2) The unseen but implied civilian and police casualties, obviously numbering in the hundreds, is reprehensible on a scale that was similarly disturbing in 2013’s Man of Steel.
Indeed, this film is incredibly violent, indiscriminately slaughtering veritable armadas of baddies, along with legions of collateral good guys — cops, soldiers — just doing their jobs. Granted, Gray doesn’t linger on the results of such mayhem, and very little blood is shown ... but a quick cutaway doesn’t erase the image of somebody being shot in the face.
All of which points to this film’s other big problem: It suffers from a nasty, mean-spirited streak that detracts from the otherwise frothy tone. This is particularly true in the case of another character resurrected from an earlier film, obviously present to serve only one purpose.

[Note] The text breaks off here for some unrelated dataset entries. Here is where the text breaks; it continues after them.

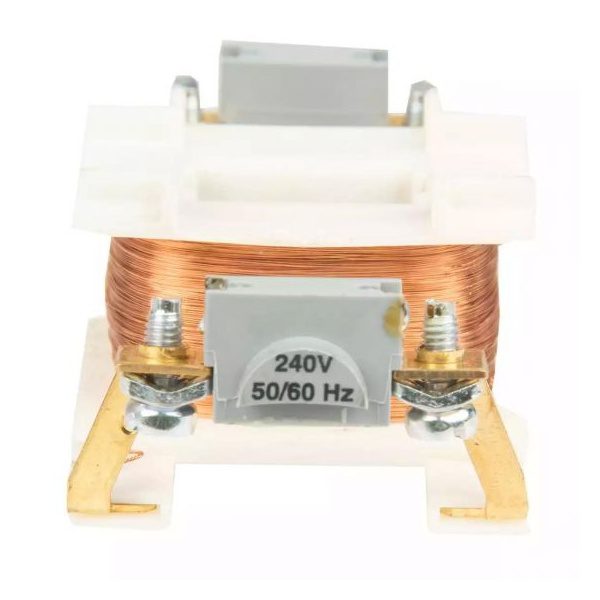 MO 9-45 Contactor Spare Coil 24V AC 50 Hz L T CS96317GOOO cs96317booo mo 9 45 coil front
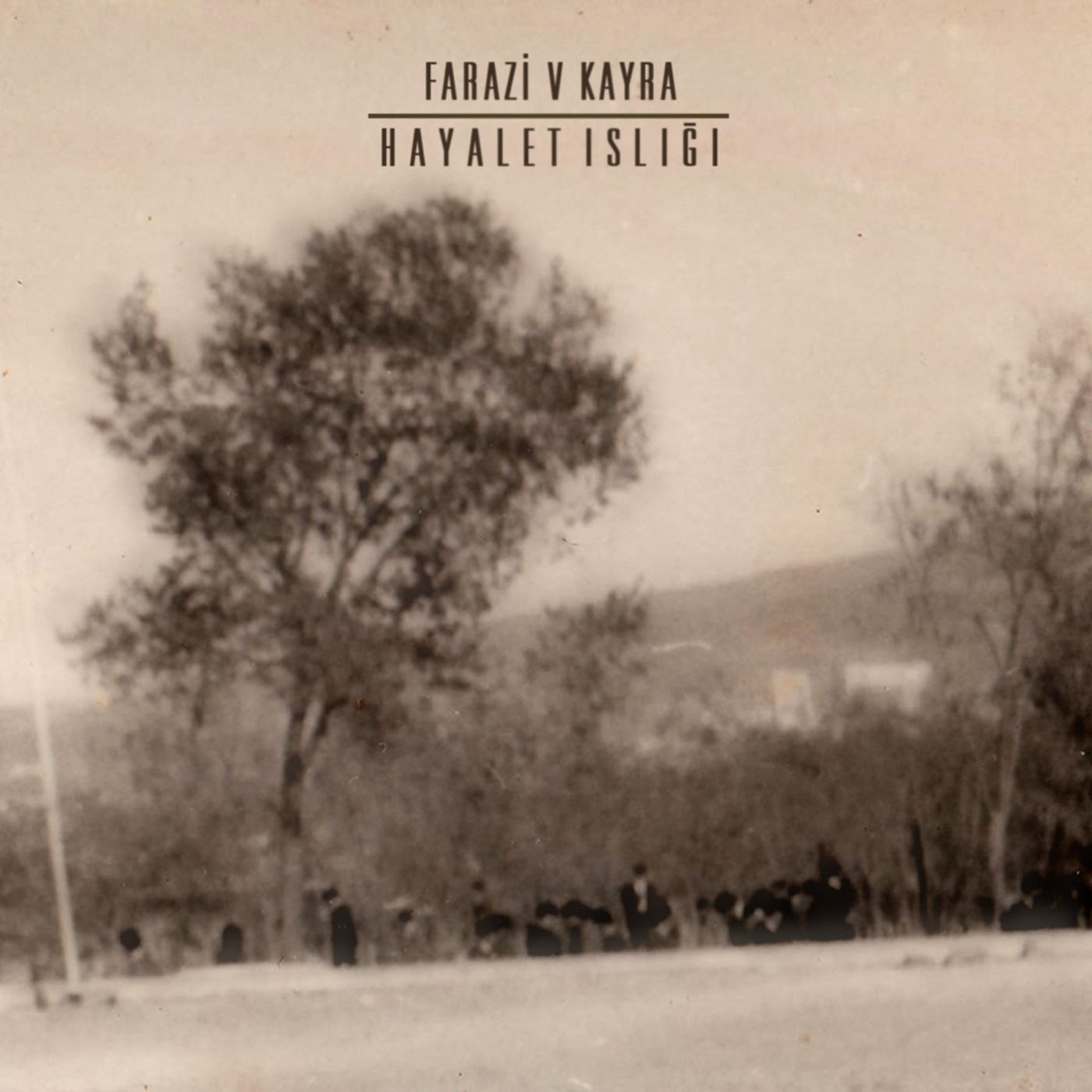 Farazi V Kayra Silinen Albüm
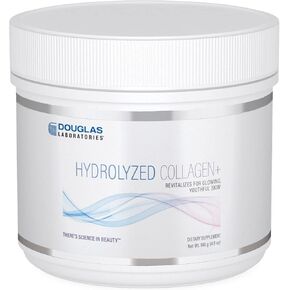 Douglas Laboratories Hydrolyzed Collagen+ | Revitalizes for Glowing, Youthful Skin | 4.9 Ounces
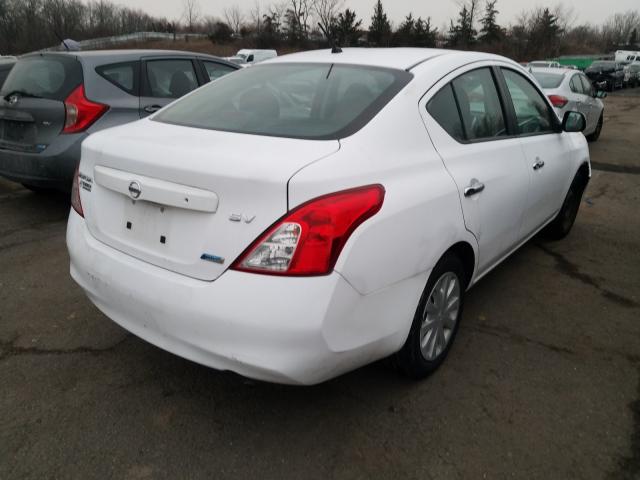 Photo 3 VIN: 3N1CN7AP7CL805281 - NISSAN VERSA S 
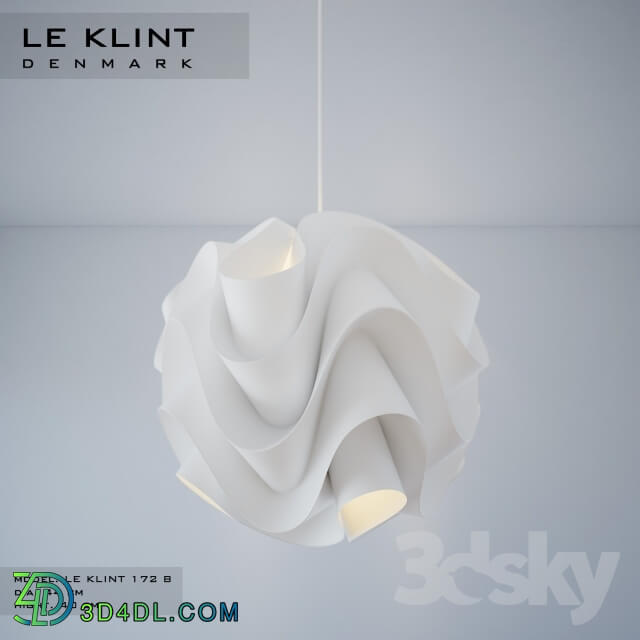 Ceiling light - LE KLINT 172 B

The cast deserves credit for making the most of this uneven brew. Letty remains steadfast as Dom’s main squeeze, Rodriguez still projecting sufficient tough-chick ’tude as a gal more than able to handle herself. Nathalie Emmanuel shows pluck as Ramsey, the computer genius who developed the God’s Eye surveillance hacking device that figured in a previous film, and reappears here; her accent is particularly charming.

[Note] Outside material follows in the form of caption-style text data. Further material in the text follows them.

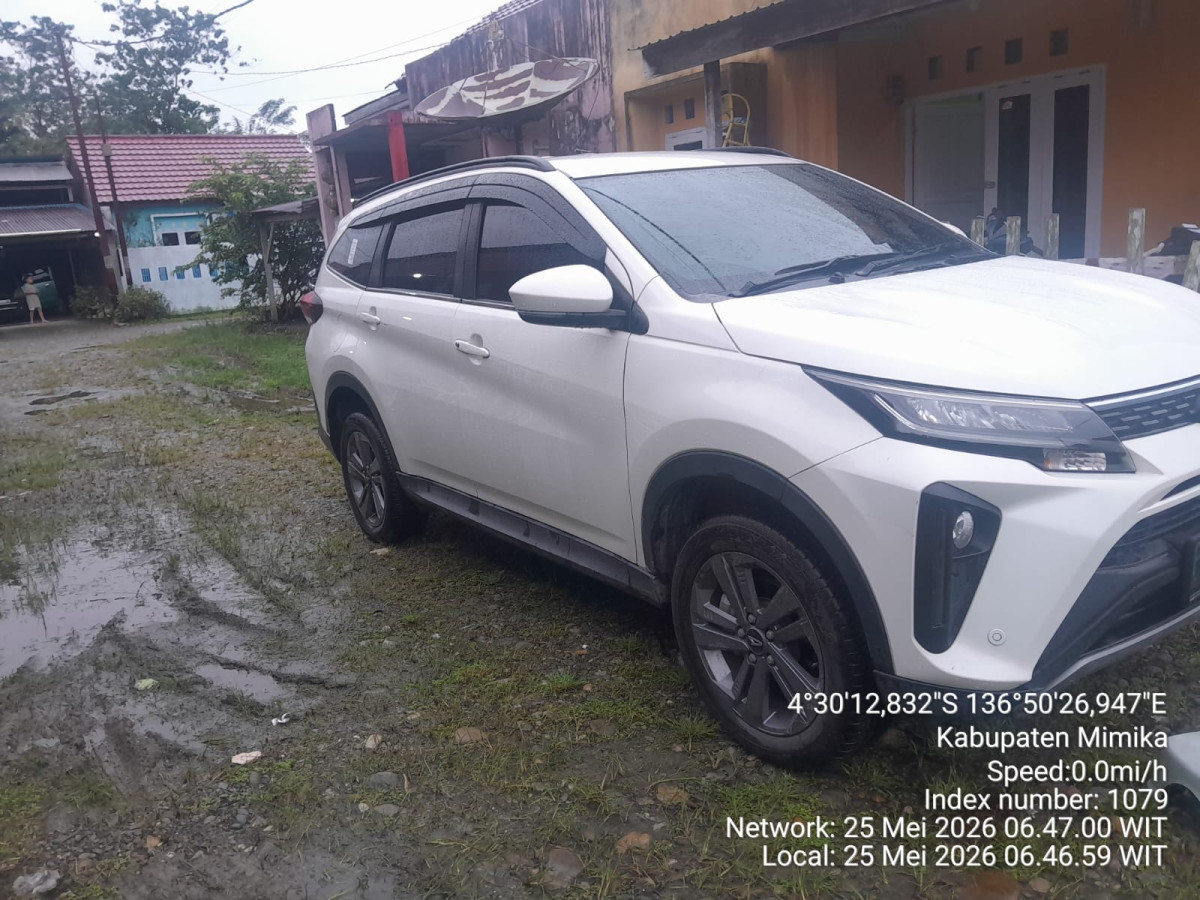 DAIHATSU TERIOS  R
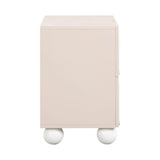Tori Motif 2-Drawer Nightstand by TOV Furniture at Eve Furniture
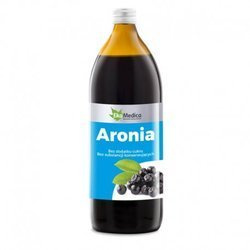 EKAMEDICA ARONIA 100% SOK 500ML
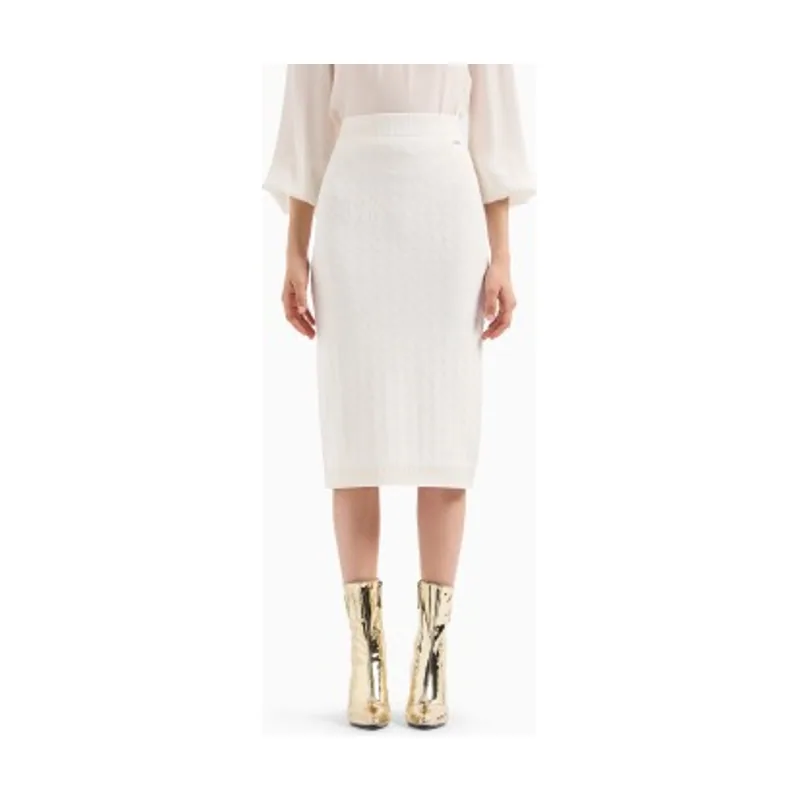 A|X Armani Exchange Falda midi 8NYN9AYMH6Z1130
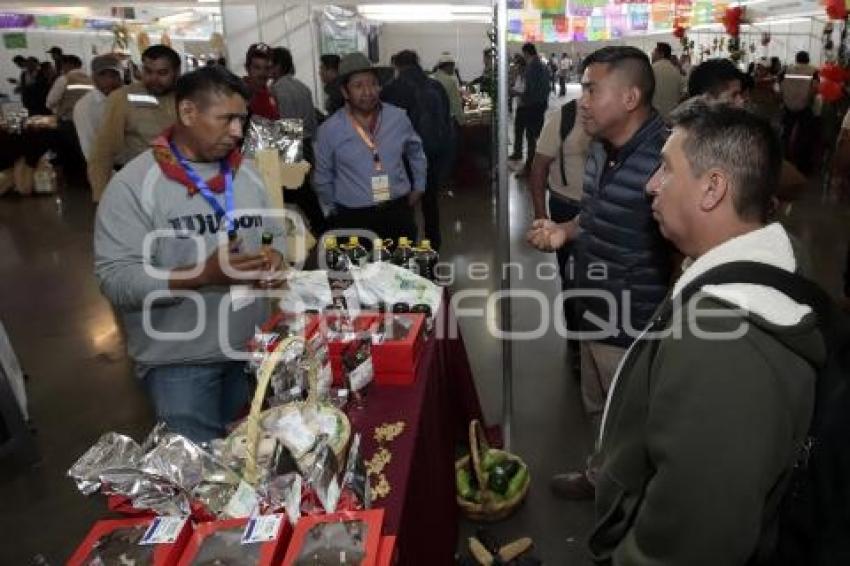 EXPO FORO SISTEMAS CAFETALEROS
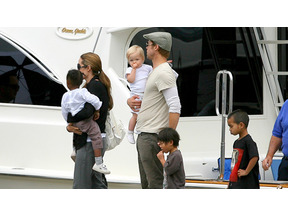 今度は、最も影響力のあるセレブの赤ちゃんベスト10が発表に 画像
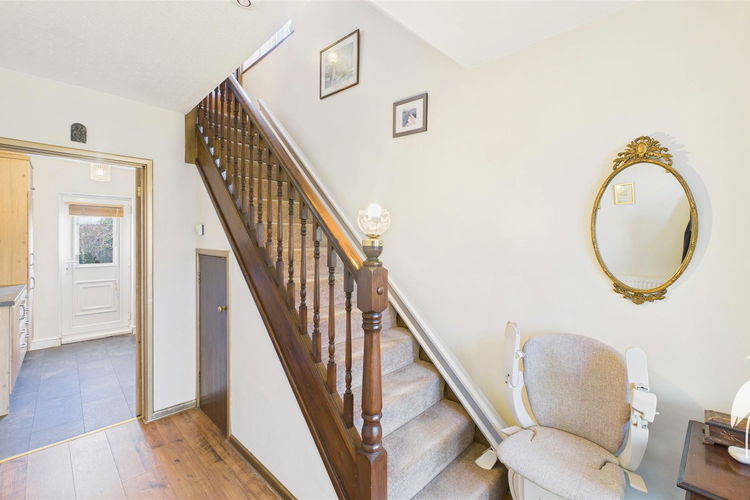 Reception Hall - Picture 12 of 24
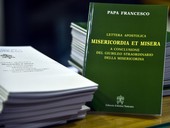 Si è chiuso il Giubileo: la misericordia "non è una parentesi", ma l'"icona" della Chiesa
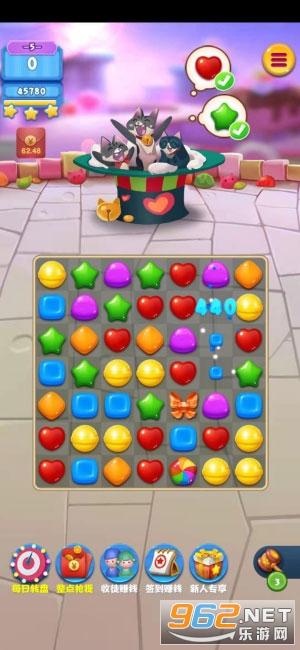 �����ǹ�è���ְ�v1.2.7 2021���°��ͼ2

Tyrese Gibson and Chris “Ludacris” Bridges get the best one-liners as the Mutt ’n’ Jeff pair Roman and Tej: the former the ace driver and fast-talking ladies’ man; the latter the genius mechanic and tech-tactician. Eastwood, finally — looking and sounding like his father, more and more — is a hoot as the neophyte who keeps learning, the hard way, of the need to plan. And then improvise.
As always, the cars are to drool over: from a vintage 1956 Ford Fairlane and Subaru WRX, to a gorgeous Lamborghini and — during the climactic sequence on the frozen Barents Sea, near Iceland — a Dodge “Ice” Charger and a Local Motors Rally Fighter.
No surprise: All these skirmishes are quite noisy in their own right, but Brian Tyler’s shrieking, cacophonous score — along with a wealth of equally deafening rap and industrial tunes — will shatter eardrums. Plan accordingly.
Much as I continue to enjoy the interactions between these characters — the chest-thumping bluster between Hobbs and Shaw, the banter between Roman and Tej, even the (rare) intimate moments between Dom and Letty — they’re ill-served and overwhelmed by relentless overkill: the cinematic equivalent of the jacked-up pickups that occasionally roar past us on the freeway, with laughably, ludicrously oversized tires.
That said, I’ve no doubt that this film will be a monster hit; the series fans can’t get enough of such mayhem. At some point, though, spectacle for its own sake becomes tedious, and — based on this newest entry — The Powers That Be are in danger of stripping away the heart that really powers this franchise.
Which would be ironic, given the weight — as with television’s Blue Bloods — that each film has placed on an all-important “shared meal” scene.